While the music industry tries to restrict file sharing among online users, consumers continue to transfer and download online music. Later this week, the recording industry’s trade group International Federation of the Phonographic Industry is expected to announce that the music unit sales dropped 10% in value to $33 billion last year, the single worst drop in record-business history. This news follows a recent announcement from the Recording Industry Association of America reporting music unit shipments in the U.S. also dropped nearly 10% in 2001 from the previous year. Although many factors likely contributed to this downturn, the broad appeal of digital music appears to be playing a major role. “The industry has taken so long to respond that an entirely new set of expectations has been created. Now record labels will have to climb walls that they are allowing to be built,” said Nick Donatiello, President & CEO of Odyssey.

Downloading Digital Music Not Exclusively Dictated By Age

Of particular concern to the industry should be the fact that sharing digital music files appears to have become a mainstream activity, concentrated among those consumers that are also the heaviest buyers of music overall. As one might expect, younger consumers are more likely to download or transfer digital music with 53% of online users under 30 years of age having transferred or downloaded music recently. However, such behavior is not relegated exclusively to teens and young adults. In fact, 20% of all online users over 30 years old and 14% of those over the age of 45 have also downloaded or transferred music in the past six months. With older consumers already getting comfortable with digital music, it would appear that the platform’s appeal is not something that this large base of young consumers is likely to outgrow over time.

Music Industry Off-Key

As these new consumption behaviors develop, the music industry has responded with litigation and digital music services that are only marginally aligned with consumer interest. “Today’s digital music services were meant to solve the industry’s problems, not meet consumers’ needs. They would have been better off waiting to get their house in order than opening their doors and sending a message that they are not in touch with why people use digital music,” said Sean Baenen, Odyssey’s managing director.

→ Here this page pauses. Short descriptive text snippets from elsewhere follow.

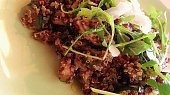 Dvoubarevná quinoa na šalotce, cuketě a žampionech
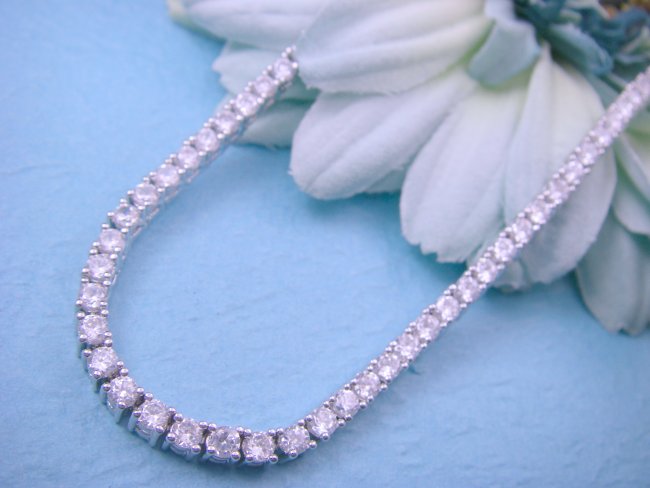 テニスネックレス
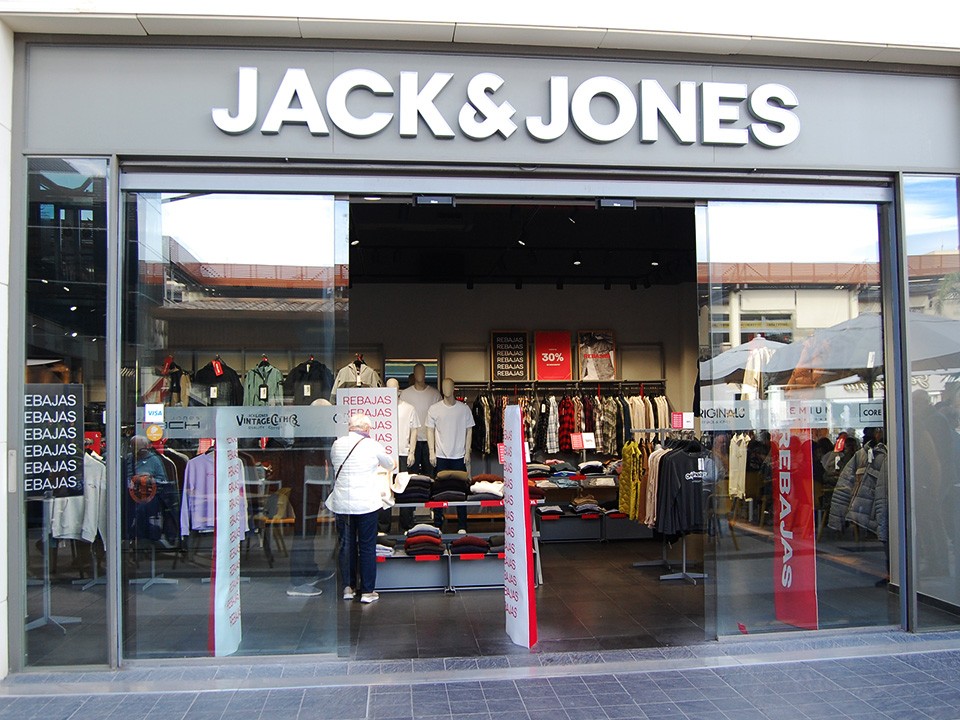 JACK & JONES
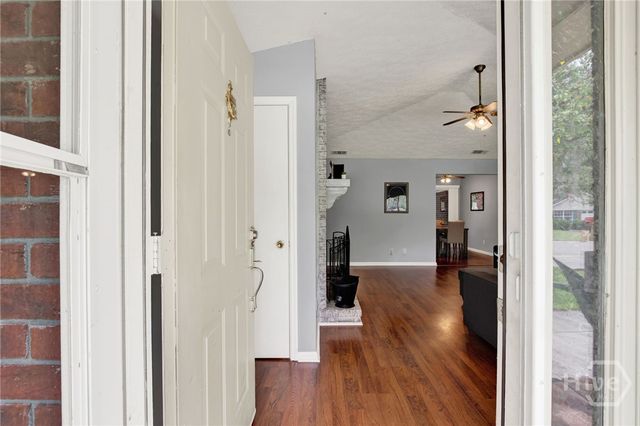 41 Whippoorwill Lane E, Richmond Hill, GA 31324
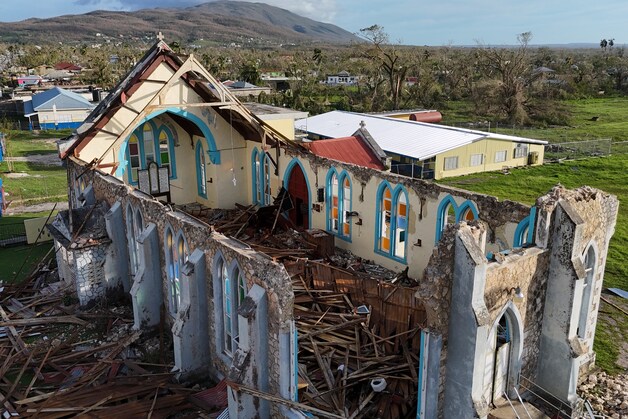Een kerk in Jamaica na de doortocht van orkaan Melissa.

Breadbox data would suggest digital music speaks to consumers’ desire to own, control, and customize their own music. This underlines the difficulties that many of the new online music services such as MusicNet and Pressplay will face in trying to sell restrictive services that do not currently address the features most important to the consumers who are most likely to use them, such as custom mix creation and burning of music files onto a CD.

Digital Music Behavior Bigger Than Napster

The industry’s drive to litigate while launching its own limited services seems particularly out of touch when consumer behavior is looked at as a whole. Among the increasing proportion of U.S. households with recordable CD-ROM drives (23%, versus 16% in January ’01), more and more are using these drives to copy songs from a CD or another source onto their hard drives (50%), or to record their own music CDs by copying music onto blank CDs (54%). With this in mind, record companies might find ways to embrace file downloading by offering services that allow consumers to create their own play lists and burn them onto the format most suitable to their lifestyle. Odyssey’s data shows that 60% of all U.S. households have some interest in subscribing to such a service, meaning it could be a good business if it was constructed to meet – rather than alter – consumer need. “Changes in music behaviors are not solely relegated to the online medium. Just as cassette tapes offered the ability to reproduce and separate tracks, digital technology is giving consumers more choice and more control of their music consumption across the board,” said Baenen. “We’re seeing a sea change and from the consumer perspective it looks as if the industry is still out shopping for boats.”